SUN RISES IN THE WEST: Interior Secretary Ken Salazar has set aside 676,000 acres of federal land for studying the practicality and environmental impact of solar power in six Western states, more than half of which is in California's Mojave Desert. The Interior Department will spend $22 million reviewing the 24 tracts of land in Nevada, Arizona, California, Colorado, Utah and New Mexico. "We hear a lot about doing something about the environment," said Sen. Harry Reid, D-Nev., who joined Salazar for the announcement. "That's what this is all about. We want to not be dependent on foreign oil. This will make America a more secure nation." (Sources: LA Times, AP)

CONCESSIONS STAND: "It is unprecedented, but at least it's transparent." That's Rep. Joe Barton, R-Texas, speaking wryly about the frenzy of concessions and compromises that flew around up until the last minute of the House climate bill's passage last week. Barton is rigidly opposed to the bill, which would, among other things, introduce a cap-and-trade regime on greenhouse gas emissions in the United States. Rep. Henry Waxman, D-Calif., was on the floor last Friday tossing out billions of dollars in vote lures, which has elicited cynicism among many environmentalists as well as Republicans. In an editorial today, the NY Times urges the Senate to avoid similar temptations to water down the bill, even suggesting it strip away some of the uglier additions made on the House floor. (Source: NY Times)

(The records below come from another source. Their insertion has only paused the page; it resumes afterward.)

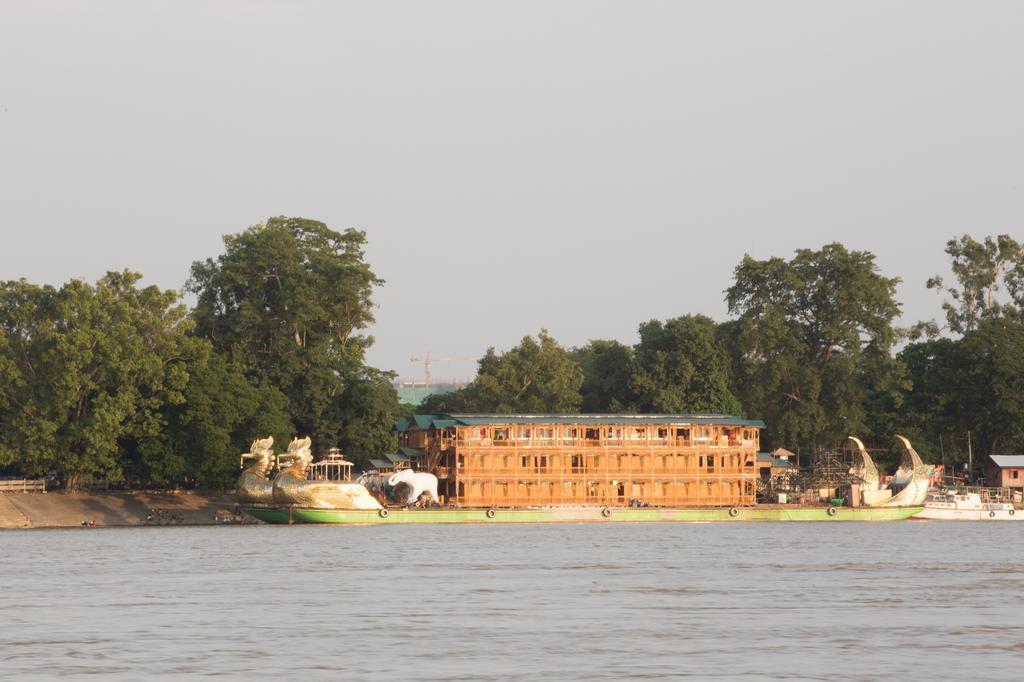 Mandalay Karaweik Mobile Hotel Exteriör bild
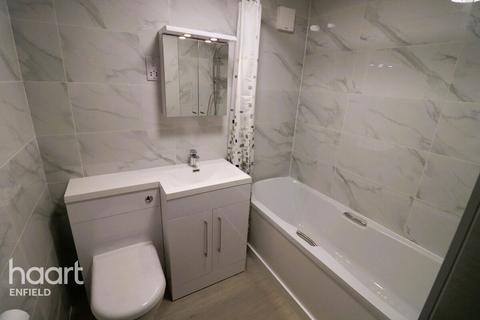 2 bedroom flat to rent, Boyton Road, LONDON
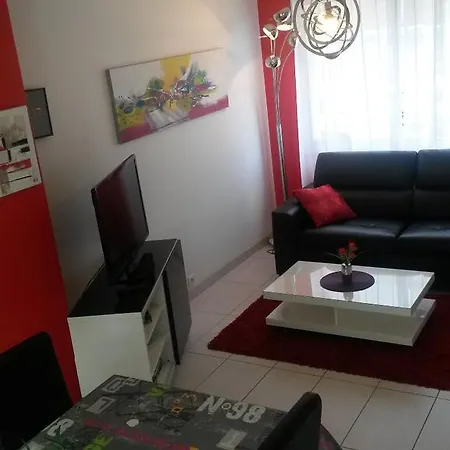 Nyaraló Littre *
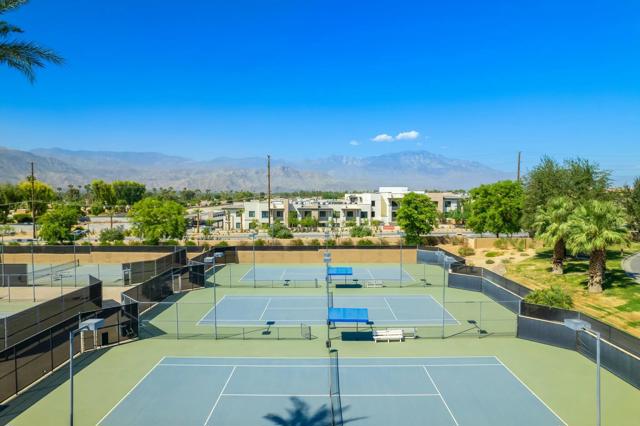 17 Margarita Road, Palm Desert CA: https://media.crmls.org/mediaz/5e95c5d3-b1a7-49a6-add1-5b60233328ac.jpg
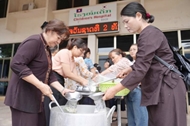 OVs in Laos provide heartfelt meals for the needy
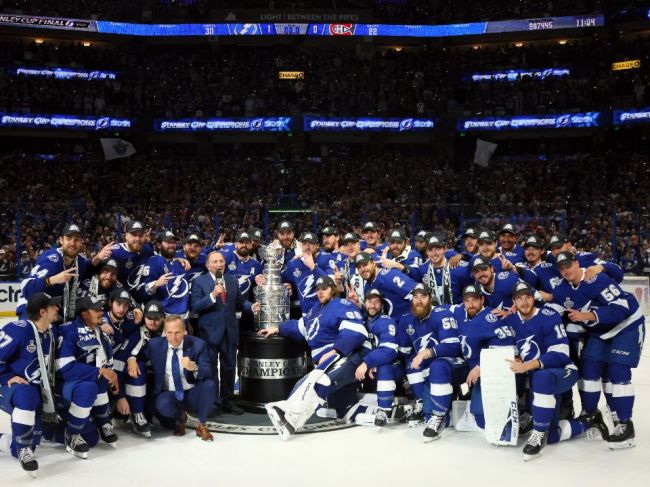 Tampa s Erikom Černákom obhájila Stanleyho pohár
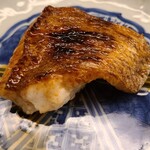 道人 - ⑧炭火焼き赤鯥【別称:ノドグロ】(徳島県産)
      本来四国の赤鯥は脂のりイマイチで旨みも薄い
      しかし徳島の特殊な場所にいる個体は日本海北部の様な脂のりと旨みがある
      コレがそれ、極みの火入れでめちゃウマい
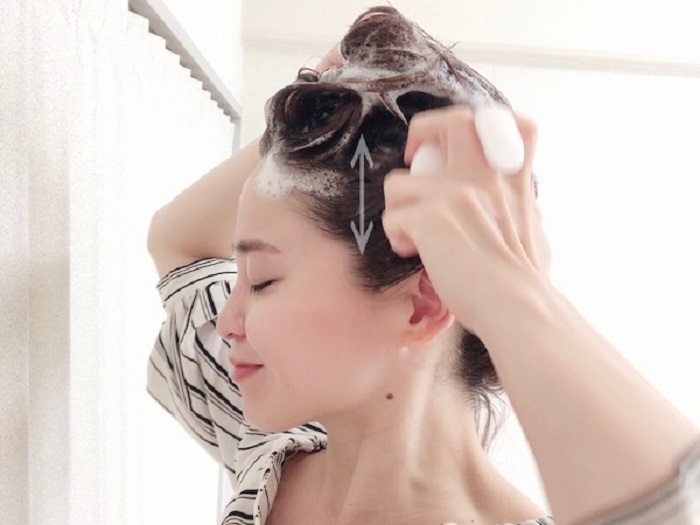 Ежедневное мытье головы делает волосы сухими. Это можно исправить, не отказываясь от процедуры (советы)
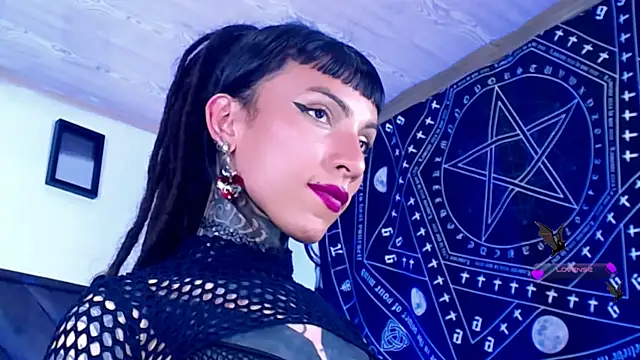 Chat XXX ao vivo de Mia_Goth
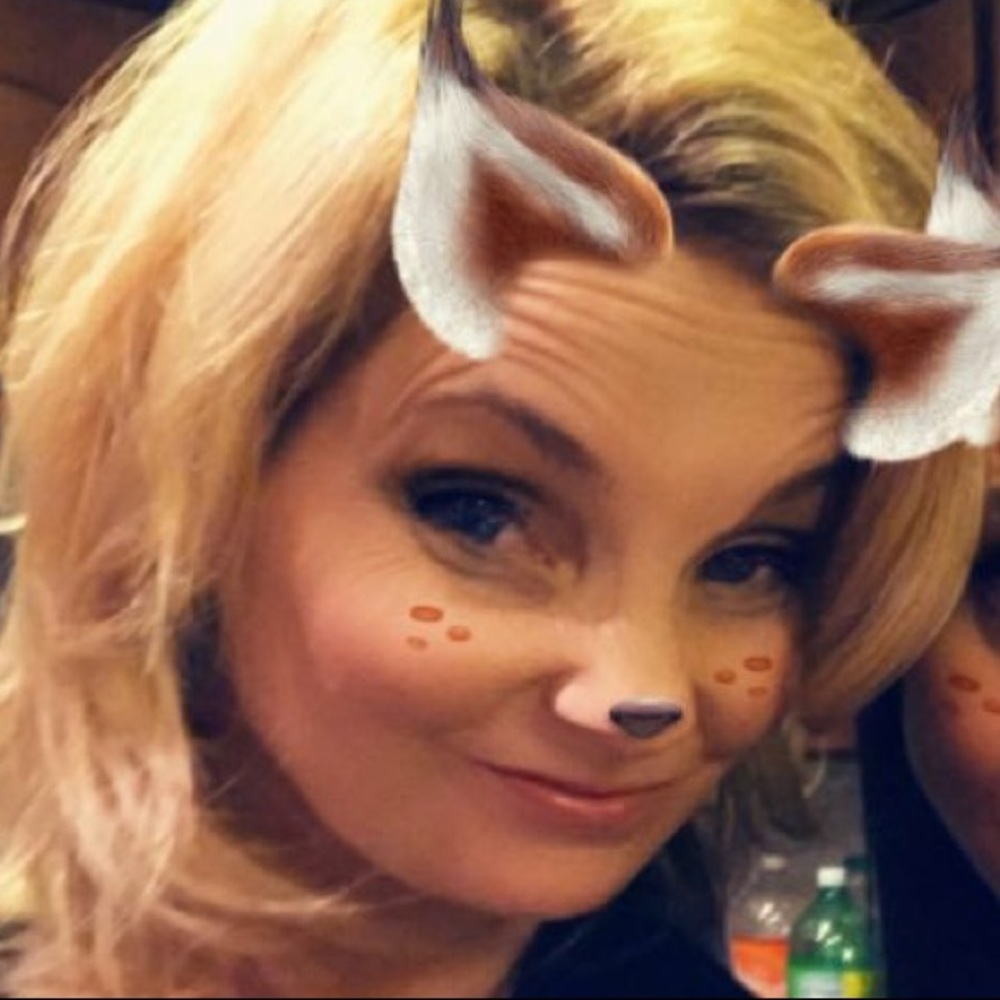 Meet your Posher, Danielle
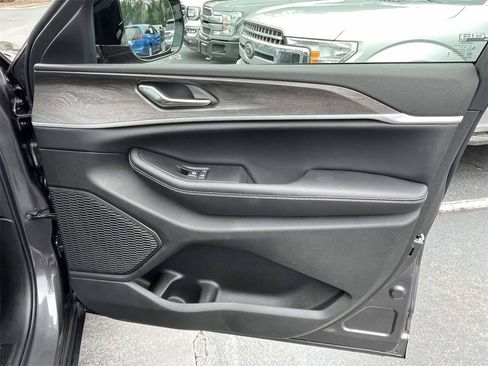 New 2025 Jeep Grand Cherokee L Limited image 17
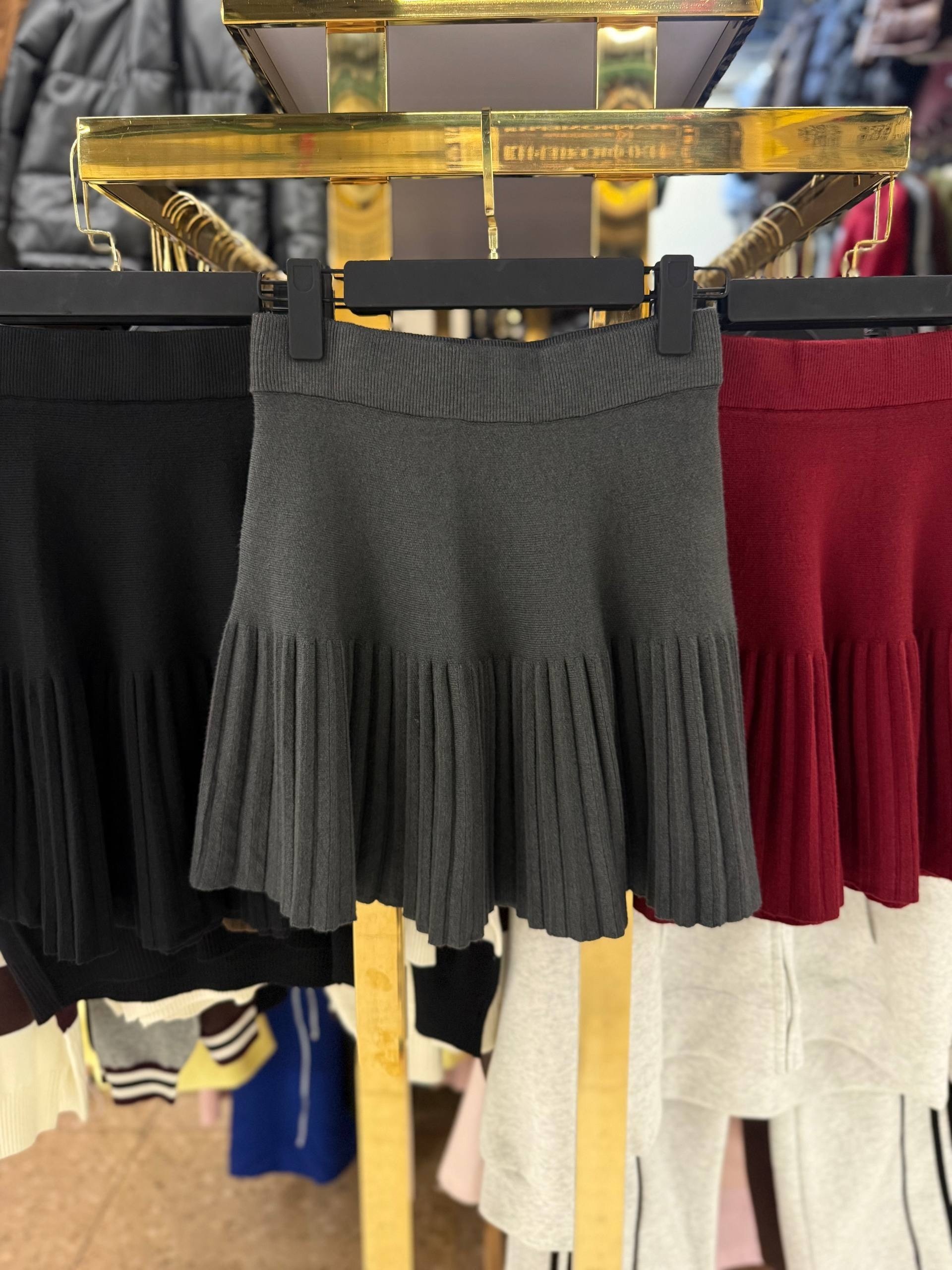 женская плиссированная юбка,плиссированная мини юбка,плиссированная юбка,черная плиссированная юбка,коричневая мини юбка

PLAYBOY BUNNIES: An endangered species of Florida marsh rabbit named after Playboy impresario Hugh Hefner — Sylvilagus palustris hefneri — is being pushed toward extinction. The small, brown-and-gray bunnies were named after Hef in 1994 following a donation from his organization to support rabbit research, but their habitat is crumbling under the weight of population growth and encroaching development. The problem is exacerbated by the rabbits' dependence on specific grasses and other plants for feeding, nesting and shelter, and with so few individuals left, their subspecies' survival may depend on relocating them to a safer habitat — or the 300 remaining could just take a few pages from Hef's playbook. (Source: Discovery News)

Russell McLendon

(Source: Justin Sullivan/Getty Images)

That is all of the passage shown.